La corte indiana ha respinto il ricorso del governo: essere gay resta reato


Lo scorso dicembre una sentenza della Corte Suprema indiana ha reintrodotto alcune leggi coloniali (vecchie di 153 anni) che criminalizzano ogni tipo di rapporto omosessuale. Quella stessa corte ha oggi deciso di respingere anche il ricorso presentato dal governo, pronto a sostenere che la norma «viola il diritto alla salute» dato che il voler dichiarare fuorilegge i gay finirebbe con l'impedire loro «l'accesso ai servizi sanitari e alle strutture di prevenzione dell'Aids».
I giudici HL Dattu e SJ Mukhopadhaya hanno scelto la questione sostenendo che è compito del Governo e non del sistema giudiziario porre rimedio a quella norma, anche se è stata proprio un'azione giudiziaria ad annullare l'incostituzionalità della legge sancita nel 2009 dall'Alta Corte di Delhi, catapultando il Paese indietro di oltre un secolo. Evidentemente le ragioni del governo devono essere apparse meno convincenti di quelle presentate dai vari gruppi religiosi e conservatori che avevano chiesto a gran voce la reintroduzione del carcere per i gay...
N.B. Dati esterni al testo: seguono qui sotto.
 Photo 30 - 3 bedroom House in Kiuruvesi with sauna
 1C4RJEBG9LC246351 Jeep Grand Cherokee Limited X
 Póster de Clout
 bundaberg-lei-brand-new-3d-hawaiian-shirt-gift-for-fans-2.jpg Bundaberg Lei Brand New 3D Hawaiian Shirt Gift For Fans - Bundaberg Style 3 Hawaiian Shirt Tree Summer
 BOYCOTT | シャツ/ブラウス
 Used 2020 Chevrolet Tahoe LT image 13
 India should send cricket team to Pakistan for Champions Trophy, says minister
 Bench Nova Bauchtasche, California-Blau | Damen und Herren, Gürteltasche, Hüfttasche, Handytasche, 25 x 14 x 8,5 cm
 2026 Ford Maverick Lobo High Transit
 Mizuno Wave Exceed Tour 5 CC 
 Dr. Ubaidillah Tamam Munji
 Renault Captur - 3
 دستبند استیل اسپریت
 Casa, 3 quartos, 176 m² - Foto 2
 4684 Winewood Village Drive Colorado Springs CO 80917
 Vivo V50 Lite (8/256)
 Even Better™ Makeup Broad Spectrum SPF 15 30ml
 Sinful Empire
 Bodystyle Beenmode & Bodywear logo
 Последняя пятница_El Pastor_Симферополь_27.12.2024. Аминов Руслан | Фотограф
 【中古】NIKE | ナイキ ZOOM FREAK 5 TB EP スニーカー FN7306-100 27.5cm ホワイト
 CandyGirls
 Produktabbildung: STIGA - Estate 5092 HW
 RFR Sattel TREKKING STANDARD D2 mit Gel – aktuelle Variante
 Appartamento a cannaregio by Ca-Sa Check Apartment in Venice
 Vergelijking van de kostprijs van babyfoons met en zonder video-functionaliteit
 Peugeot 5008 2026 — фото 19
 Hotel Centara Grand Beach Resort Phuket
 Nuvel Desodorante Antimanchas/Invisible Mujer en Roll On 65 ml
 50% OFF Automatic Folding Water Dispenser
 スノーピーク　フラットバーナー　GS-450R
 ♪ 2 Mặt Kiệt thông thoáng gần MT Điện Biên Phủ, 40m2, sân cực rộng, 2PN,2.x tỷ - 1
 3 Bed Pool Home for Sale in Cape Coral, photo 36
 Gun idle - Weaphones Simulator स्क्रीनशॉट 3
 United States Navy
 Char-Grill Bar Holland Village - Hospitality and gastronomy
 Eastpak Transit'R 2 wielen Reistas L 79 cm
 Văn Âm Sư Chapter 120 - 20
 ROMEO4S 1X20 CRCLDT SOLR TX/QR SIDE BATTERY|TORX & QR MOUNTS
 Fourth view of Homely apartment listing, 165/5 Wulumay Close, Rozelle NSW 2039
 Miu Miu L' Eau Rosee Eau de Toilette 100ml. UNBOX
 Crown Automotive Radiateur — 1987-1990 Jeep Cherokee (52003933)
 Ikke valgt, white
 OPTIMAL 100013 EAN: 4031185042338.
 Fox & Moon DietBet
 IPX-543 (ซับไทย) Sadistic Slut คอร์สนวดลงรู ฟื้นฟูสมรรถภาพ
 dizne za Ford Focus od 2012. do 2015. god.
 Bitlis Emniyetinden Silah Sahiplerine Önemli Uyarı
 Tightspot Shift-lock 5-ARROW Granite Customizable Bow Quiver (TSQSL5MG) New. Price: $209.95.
Fatto sta che i tempi paiono stretti e, nonostante l'intenzione dell'attuale esecutivo di cercare una via per ripristinare la depenalizzazione dell'omosessualità, le vicine elezioni (che si terranno tra aprile e maggio) potrebbe non offrire il tempo necessario ad elaborare un rimedio. A ciò va aggiunto che l'opposizione di destra è attualmente data per favorita e la loro posizione è tutt'altro che gay-friendly, motivo che lascia facilmente immaginare che non mancheranno di utilizzare l'omofobia come arma di propaganda elettorale.